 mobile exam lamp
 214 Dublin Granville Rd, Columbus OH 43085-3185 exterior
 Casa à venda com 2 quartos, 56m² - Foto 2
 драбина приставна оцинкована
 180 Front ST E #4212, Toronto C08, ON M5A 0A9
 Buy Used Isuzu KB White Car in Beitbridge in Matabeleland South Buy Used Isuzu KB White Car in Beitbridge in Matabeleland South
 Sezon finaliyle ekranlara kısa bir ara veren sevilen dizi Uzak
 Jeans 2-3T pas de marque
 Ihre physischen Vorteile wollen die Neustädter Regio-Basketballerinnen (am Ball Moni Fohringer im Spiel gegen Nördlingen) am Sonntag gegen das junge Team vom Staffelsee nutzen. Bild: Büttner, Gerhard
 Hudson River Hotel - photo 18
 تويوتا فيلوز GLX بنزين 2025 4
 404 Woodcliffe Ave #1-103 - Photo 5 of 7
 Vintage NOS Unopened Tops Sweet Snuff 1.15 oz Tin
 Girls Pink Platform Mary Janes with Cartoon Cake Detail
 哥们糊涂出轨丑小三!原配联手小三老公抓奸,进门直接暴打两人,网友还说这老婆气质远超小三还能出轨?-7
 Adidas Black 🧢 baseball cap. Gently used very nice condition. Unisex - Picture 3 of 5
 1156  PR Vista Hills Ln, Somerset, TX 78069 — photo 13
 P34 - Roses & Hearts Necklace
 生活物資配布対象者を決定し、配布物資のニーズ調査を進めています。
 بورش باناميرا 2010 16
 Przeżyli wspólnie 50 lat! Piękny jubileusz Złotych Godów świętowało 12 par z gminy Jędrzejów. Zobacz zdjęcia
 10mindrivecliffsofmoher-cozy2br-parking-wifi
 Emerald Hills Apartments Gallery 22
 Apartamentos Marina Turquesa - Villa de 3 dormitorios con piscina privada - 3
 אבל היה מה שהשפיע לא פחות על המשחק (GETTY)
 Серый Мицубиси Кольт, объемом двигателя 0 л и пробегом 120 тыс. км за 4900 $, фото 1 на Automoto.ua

Problem details: Retype the first line of the entries and every line after it, please, through the line that contains "تويوتا فيلوز GLX بنزين 2025 4". Add nothing.

Answer:
 mobile exam lamp
 214 Dublin Granville Rd, Columbus OH 43085-3185 exterior
 Casa à venda com 2 quartos, 56m² - Foto 2
 драбина приставна оцинкована
 180 Front ST E #4212, Toronto C08, ON M5A 0A9
 Buy Used Isuzu KB White Car in Beitbridge in Matabeleland South Buy Used Isuzu KB White Car in Beitbridge in Matabeleland South
 Sezon finaliyle ekranlara kısa bir ara veren sevilen dizi Uzak
 Jeans 2-3T pas de marque
 Ihre physischen Vorteile wollen die Neustädter Regio-Basketballerinnen (am Ball Moni Fohringer im Spiel gegen Nördlingen) am Sonntag gegen das junge Team vom Staffelsee nutzen. Bild: Büttner, Gerhard
 Hudson River Hotel - photo 18
 تويوتا فيلوز GLX بنزين 2025 4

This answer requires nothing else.